Song by Joy Division

from the album Unknown Pleasures
- Released: 15 June 1979
- Recorded: 1–17 April 1979
- Studio: Strawberry, Stockport
- Genre: Gothic rock; post-punk;
- Length: 3:55
- Label: Factory
- Songwriters: Bernard Sumner; Peter Hook; Stephen Morris; Ian Curtis;
- Producers: Martin Hannett, Joy Division

Reimagined video
- "Shadowplay" on YouTube

= Shadowplay (song) =

Song by Joy Division

"Shadowplay" is a song by the English rock band Joy Division. The song appeared on their debut studio album, Unknown Pleasures, released on 15 June 1979. Previously, Joy Division played "Shadowplay" live on their first television appearance on Granada TV in September 1978. It was later featured on the compilation album Silhouettes and Statues.

==Lyrics==
Early recordings of the lyrics on the Warsaw album show the first line of the song as saying "To the centre of the city where all roads meet looking for you". In later recordings the word looking is replaced with waiting.

==The Killers version==

American rock band the Killers recorded a version of "Shadowplay" for the 2007 film Control, based on the life of Joy Division's lead singer Ian Curtis. This version plays during the film's credits and was included on the soundtrack album. The song became a live staple for the band during the Sam's Town Tour.

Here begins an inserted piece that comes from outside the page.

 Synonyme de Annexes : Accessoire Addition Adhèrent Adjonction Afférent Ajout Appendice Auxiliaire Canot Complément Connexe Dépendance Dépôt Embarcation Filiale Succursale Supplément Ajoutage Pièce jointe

The band's recording of "Shadowplay" was also included on the group's B-sides and rarities album, Sawdust. Rolling Stone magazine said the recording "should have stayed in the vaults". In April 2013, the Killers were joined onstage by Joy Division and New Order guitarist Bernard Sumner for the first time to perform this song live at Festival Estéreo Picnic in Bogotá, Colombia. They did so once again in 2013 at Lollapalooza.

The Killers version of "Shadowplay" was released as a digital download single on 9 October 2007 and peaked at #68 on the Billboard Hot 100. A music video, directed by Spencer Kaplan and Jonathan V. Sela, was released on 21 November 2007, featuring the band interspersed with clips from Control.

===Charts===

| Chart (2007) | Peak position |
|---|---|
| U.S. Billboard Hot 100 | 68 |
| U.S. Billboard Pop 100 | 43 |
| U.S. Billboard Modern Rock Tracks | 19 |
| Canadian Hot 100 | 49 |
| Canada Rock (Billboard) | 27 |
| UK Singles Chart | 115 |

==Certifications==

Certifications for "Shadowplay"
| Region | Certification | Certified units/sales |
| Brazil (Pro-Música Brasil) | Gold | 30,000^{‡} |
^{‡} Sales+streaming figures based on certification alone.